Il notevole risparmio energetico, grazie al quale la California consuma oggi la stessa quantità di energia che bruciava 30 anni fa, mentre nel resto degli Stati Uniti nello stesso lasso di tempo i consumi sono raddoppiati, ha evitato la costruzione di 24 nuove centrali elettriche di media potenza, lasciando nelle tasche dei cittadini una gran quantità di dollari sottratti al pagamento delle bollette dell’energia.
Lo spostamento di grandi risorse da un settore a bassissima incidenza d’occupazione come quello dei prodotti petroliferi, ad altri settori come l’alimentare, le manifatture ed i servizi che comportano un elevato numero di occupati si è rivelata una molla in grado di sollevare l’economia californiana che a fronte di "perdite" per 1,6 miliardi di dollari nel settore energetico, nel corso del trentennio preso in esame, ha visto crescere il volume d'affari complessivo di ben 44,6 miliardi di dollari.
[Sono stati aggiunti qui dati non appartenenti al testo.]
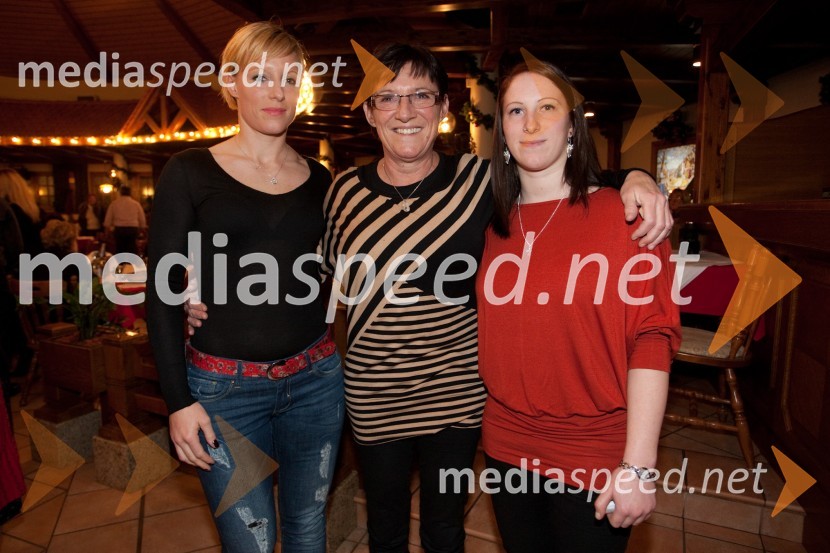 Katja Košir; Mojca Košir, hči Franca Koširja; Manca KoširVečer Franca Koširja pod Avsenikovo marelo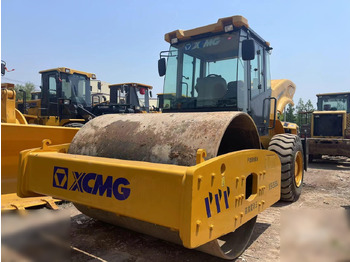 Rodillo XCMG XS223J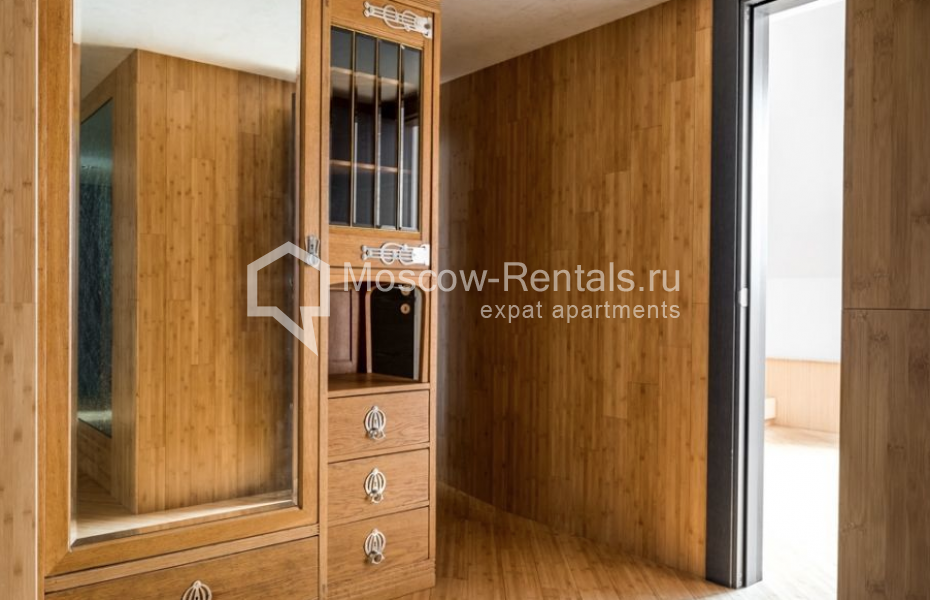 Photo #14 5-room (4 BR) apartment for <a href="http://moscow-rentals.ru/en/articles/long-term-rent" target="_blank">a long-term</a> rent
 in Russia, Moscow, Krivoarbatskyi lane, 12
Stante il presupposto che tentare di salvare l’ambiente rappresenta una scelta indispensabile che travalica qualunque differenza politica ed ideologica, se vogliamo evitare che i nostri figli, nel migliore dei casi, si ritrovino a “spendere” la propria vita sotto terra all’interno di metropoli che sopravvivono in atmosfera controllata, sembra evidente alla luce dei principali studi che hanno analizzato la materia, come “salvare l’ambiente” sia anche l’unica via per “salvare l’economia”, dal momento che una delle conseguenze del disastro ambientale sarebbe proprio quella di compromettere la sopravvivenza del sistema economico.
Berlusconi e Confindustria, probabilmente incapaci di trovare una chiave di lettura della realtà che prescinda dal brevissimo periodo, sembrano fino ad oggi totalmente refrattari a farsi carico di qualsiasi responsabilità in questo senso, imponendo per forza di cose il proprio atteggiamento a tutti gli italiani. Non resta che sperare in un ripensamento, magari indotto dalla tardiva presa di coscienza che agire così non “conviene “ neppure ai loro interessi, economici naturalmente.